My experience and impression is that, since the late 1990s, language implementers have been less concerned with using formal meta-languages, and in many cases adopted an “the interpreter/compiler is the meta-language definition of the language” attitude, rather than making large efforts to write and conform with standards maintained by organizations like ANSI, the WWW consortium being the major exception to this trend.

Buffy · April 24, 2009

Most parser tools use some variation of BNF as input, the most famous--which some of us still use--is YACC ("yet another compiler compiler") which is normally paired with Lex, and both are available in open source versions like GNU's Flex and Bison. YACC is an LALR(1) parser though, which means you normally run into all sorts of nasty shift-reduce conflicts, and the more commonly used parsers today are all Recursive-Descent parsers, which are much more robust. I can recommend the Gold Parser which is free/open source and has oodles of output languages for implementation.

Parsers are indispensable if you're going to be a real programmer.

This of course is not really what KAC is looking for though, which is a language that would subsume an extensible parser as part of it's core functionality....

Mathematicians are like Frenchmen: whatever you say to them they translate into their own language, and forthwith it is something entirely different, :)

Buffy

IDMclean · April 24, 2009

KAC, i'm with you on Lisp, though i think i would do Haskell over Smalltalk; Haskell has had it's day view in human behavioral simulation recently that came out in a game, that came out to be so cool it was and is still being studied by researchers at various universities.
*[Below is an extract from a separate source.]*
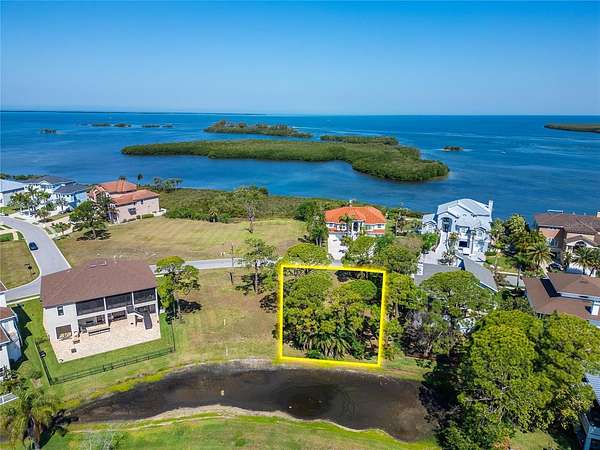 0.22 Acres of Residential Land for Sale in Tarpon Springs, Florida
As i think behavioral simulation is something you are interested in (from what i think i know about you) that may be a language worth learning and putting higher up then Smalltalk, though i think you should battle with Lisp first :)

Reminds me of something that happened long ago at Texas Instruments.

[...]

Our lead programmer came up with something novel -- he took the breakdown structure (BDS) of an existing language -- a very simple one -- and wrote a small assembly program that read in the BDS as input -- and then it would read in any program written in that higher level language, and reduce it to assembler.

[...]

We got to playing with this, writing little routines in our new hi-level language (HLL) until somebody realized that the BDS text was in a buffer in the computer while executing the HLL. It was trivial then to make a small adjustment in the BDS.

[...]

This meant that in mid-program, we could change the rules of the language and use the new rules immediately.
Eventually, we got it so we could add or delete options from any given line of BSD without having to redefine the whole line. We did this by defining a few new lines of BSD which gave us operators for selecting a specific option within an existing BSD line, and for searching the BSD line by line, option by option.

We had a LOT of fun doing this, but it didn't come to much. We didn't have the time to spend all day experimenting with it, and producing something that wouldn't crash the whole computer was a really big challenge.

But the possibilities...

Generically, expressions like these are in what are called metalanguage. There are a couple of somewhat standard ones, such as http://Backus-Naur Form (which has expressions like <name> ::= <last-name> “,” <first-name> “ ” <middle-initial>)
and Extended Backus–Naur Form (name = last name , “,” , first name , [ middle initial ], Augmented BNF, etc., but in documents such as ANSI language standards, the metalanguage used is usually explicitly defined in the beginning of the document, and various hard-to-machine-read typesetting features, such as underlining and vertical bracketing, used. RFC2616, which defines the HTTP this page is using, uses ABNF.

[...]

My experience and impression is that, since the late 1990s, language implementers have been less concerned with using formal meta-languages, and in many cases adopted an “the interpreter/compiler is the meta-language definition of the language” attitude, rather than making large efforts to write and conform with standards maintained by organizations like ANSI, the WWW consortium being the major exception to this trend.

[...]
I can recommend the Gold Parser which is free/open source and has oodles of output languages for implementation.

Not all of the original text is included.